Le nostre città, affidate a funzionari tecnicamente preparatissimi – si fa per dire- ma formalmente analfabeti, sono piene di scempi. Il dove era e come era, spesso vuol dire solamente mettersi in mano a mummificatori dilettanti. Che non hanno il senso del valore storico ed estetico e non sanno orientarsi di fronte a due problemi, che apparentemente appaiono semplici ma che solo una radicata cultura può risolvere. Il primo consiste nel fatto che una architettura è un’opera che nel tempo è soggetta a continui rimaneggiamenti, spesso per il meglio, e quindi decidere il com’era non è affatto scontato. Serve un giudizio cioè una assunzione di responsabilità e un riconoscimento di valore. Il secondo consiste nel fatto che molte volte le architetture sono sbagliate e accettarle come erano e dove erano è un errore. Ciò vale sia in senso formale: la facciata del Maderno per San Pietro era un orrore e bene ha fatto il professor Sandro Benedetti a darle una profondità che forse non ha mai avuta. Sia in senso funzionale: gli oggetti devono essere usati e non si vede perché debbano essere accettati come erano e dove erano. Ma l’uso cambia le relazioni, cioè in fin dei conti la forma e questo problema non può non essere assunto come un dato, anzi il dato principale, dal restauratore. Pena la riduzione della massa muraria, come avviene nei centri storici, a un involucro senza senso di nuove attività che dell’antico stravolgono i nessi.

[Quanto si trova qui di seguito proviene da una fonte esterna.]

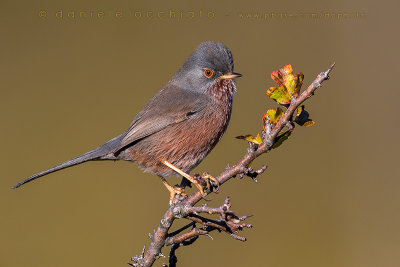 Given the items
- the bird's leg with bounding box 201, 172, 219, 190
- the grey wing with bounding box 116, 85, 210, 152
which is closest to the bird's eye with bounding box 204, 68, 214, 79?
the grey wing with bounding box 116, 85, 210, 152

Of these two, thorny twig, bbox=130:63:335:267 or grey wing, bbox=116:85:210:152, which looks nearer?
thorny twig, bbox=130:63:335:267

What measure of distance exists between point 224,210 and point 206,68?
1800 millimetres

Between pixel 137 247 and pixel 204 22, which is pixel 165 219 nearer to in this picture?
pixel 137 247

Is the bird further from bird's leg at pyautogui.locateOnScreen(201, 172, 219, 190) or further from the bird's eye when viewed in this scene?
bird's leg at pyautogui.locateOnScreen(201, 172, 219, 190)

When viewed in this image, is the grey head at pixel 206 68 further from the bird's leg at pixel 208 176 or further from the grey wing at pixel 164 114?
the bird's leg at pixel 208 176

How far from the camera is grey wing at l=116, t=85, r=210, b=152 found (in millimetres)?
3369

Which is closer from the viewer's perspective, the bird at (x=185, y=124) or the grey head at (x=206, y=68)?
the bird at (x=185, y=124)

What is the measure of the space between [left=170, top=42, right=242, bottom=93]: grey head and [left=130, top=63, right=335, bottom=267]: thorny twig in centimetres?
131

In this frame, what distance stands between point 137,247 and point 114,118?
140cm

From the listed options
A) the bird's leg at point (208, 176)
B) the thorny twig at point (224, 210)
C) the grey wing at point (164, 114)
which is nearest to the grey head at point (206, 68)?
the grey wing at point (164, 114)

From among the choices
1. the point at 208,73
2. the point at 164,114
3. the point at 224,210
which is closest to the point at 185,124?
the point at 164,114

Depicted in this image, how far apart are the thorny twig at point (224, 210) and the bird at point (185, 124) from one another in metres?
0.94

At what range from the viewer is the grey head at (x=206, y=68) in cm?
343

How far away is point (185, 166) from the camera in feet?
10.9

Torniamo alla Fenice. Era giusto rifare un modello 3D del vecchio teatro talmente reale da sembrare vero? Forse dal punto di vista politico. Non certo per il valore intrinseco dell’edificio. Non era un granchè e, se si fosse perduto, la nostra civiltà non ne avrebbe risentito. Crediamo, inoltre, che Venezia con un nuovo teatro autenticamente moderno si sarebbe arricchita. Ma la Serenissima non ama l’architettura contemporanea e in tempi diversi ha rifiutato di ospitare un buon progetto di Le Corbusier e un magnifico palazzo di Wright sul Canal Grande. Cosa si può augurare a una città così sprecona, che si ammanta di storia ma non ha saputo sfruttare due splendide occasioni che la storia le ha offerto? Nulla, solo che non continui a farsi male con le sue stesse mani, tra gli applausi dei conservatori che credono di stare nel mondo reale e invece stanno costruendosi, pervicacemente e da soli, il da loro tanto paventato mondo di Matrix.